We (@ Facebook) have been using click a lot with Python 3 and Python 2 with
from __future__ import unicode_literals
and yes, if used incorrectly unicode can blow up click, so I understand the warning, but feel we should fix the code and take this away.
Can we look at fixing code to be more unicode friendly (maybe based on 'utf-8'). Today when ever we pull in click we have to modify it and this is painful as another upgrade happened and we forgot about this modification we made to set:
click.disable_unicode_literals_warning = True
globally.
Thoughts?
We (@ LinkedIn) have the same problem. +1 to this. I do hear that Python 3.7 may address this.
The problem is not with Unicode support in Click, it's with the consequences of that future in other libraries. In Python 2, if you use that future, it's really easy to mistakenly pass Unicode data to libraries that don't understand it.
This warning is explained in more depth in the docs, but maybe I'm misunderstanding what you're describing.
Yes, it's true the future import of unicode_literals can cause problems, especially in straddling code, and particularly (IME) when migrating unittests. But sometimes it's fine, and I'm not aware of any automated way to make that determination. We have to trust the developer to make that determination, and generally it'll be the leaf application developer who is in the best position to decide.
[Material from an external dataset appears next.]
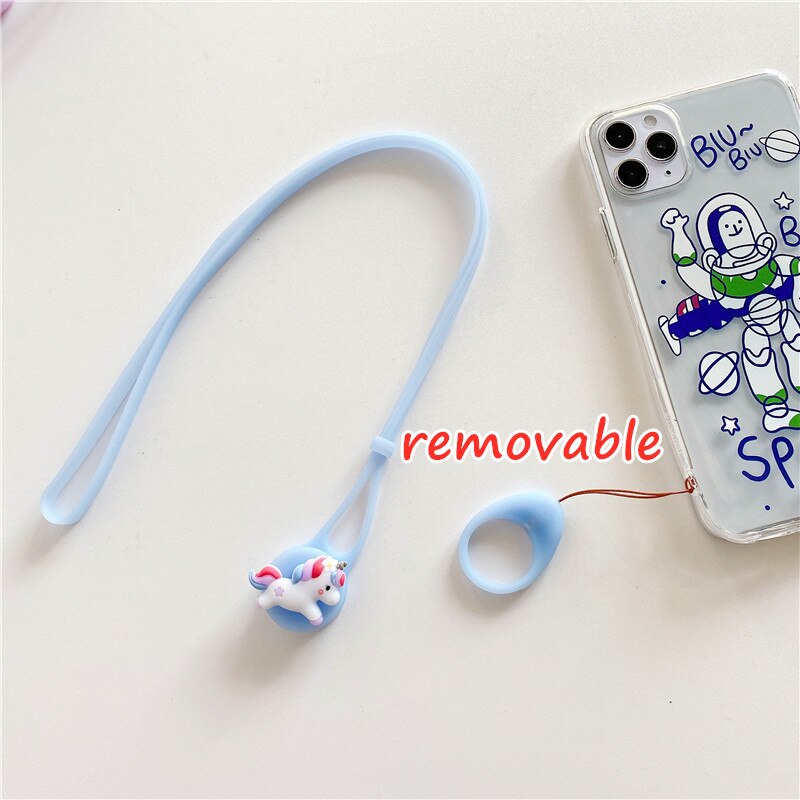 Cute Keychain Straps Rope Mobile Phone Neck Strap Lanyard for ID Card key chain USB badge holder DIY Lariat Lanyard Hang String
Apropos of Python 3.7, these two PEPs are relevant for the UTF-8 runtime environment:
I'd be interested in experiences using click with Python 3.7 in non-UTF-8 locales, and whether these two PEPs make any difference.
Related to this, I'm interested to know if the recommendation to use Python 2 is still current:
it is strongly recommended to use Python 2 for Click utilities unless Python 3 is a hard requirement.
I've been holding-out on using Click because of the strongly worded recommendation above as Python 2 is not an option I can take.
Thanks!
No, the docs need to be updated to remove all mentions of Python 2 over Python 3. PRs welcome.
As to the actual issue, I have no idea where I would start with it, but PRs are welcome. Given that January 1, 2020 is getting closer, I'm not sure how important it is anymore though.
I'd say removing the recommendation to use Python 2 is a good start because people who try to run Click in an environment with LANG unset are directed to https://click.palletsprojects.com/en/7.x/python3/#python-3-support
I'll give the doco PR a crack later this week. Thanks for your quick reply btw.
@cooperlees @dsully can you comment on whether you still need this? Python 2 is EOL, and maybe the projects you wanted this for have upgraded? I never got clarification if the issue you were referring to was Click's use of Unicode (which as far as I know is correct), or if you just didn't want the warning (which can be disabled either by the disable_unicode_literals_warning flag or with the warnings module).
I agree the warning is heavy handed if the project knows what they're doing when enabling that future. Since Click itself should handle unicode or str values on Python 2 transparently, a PR to remove the warning is probably fine.
We are Python 3.6+ only now, and soon to be 3.7+ shortly (in the next week or so @warsaw ?)
I don't think we need it anymore.
We should have 3.8 available by then, but it will be a little longer before we can drop 3.6.
This is now removed because Click 8 (master) is Python 3 only.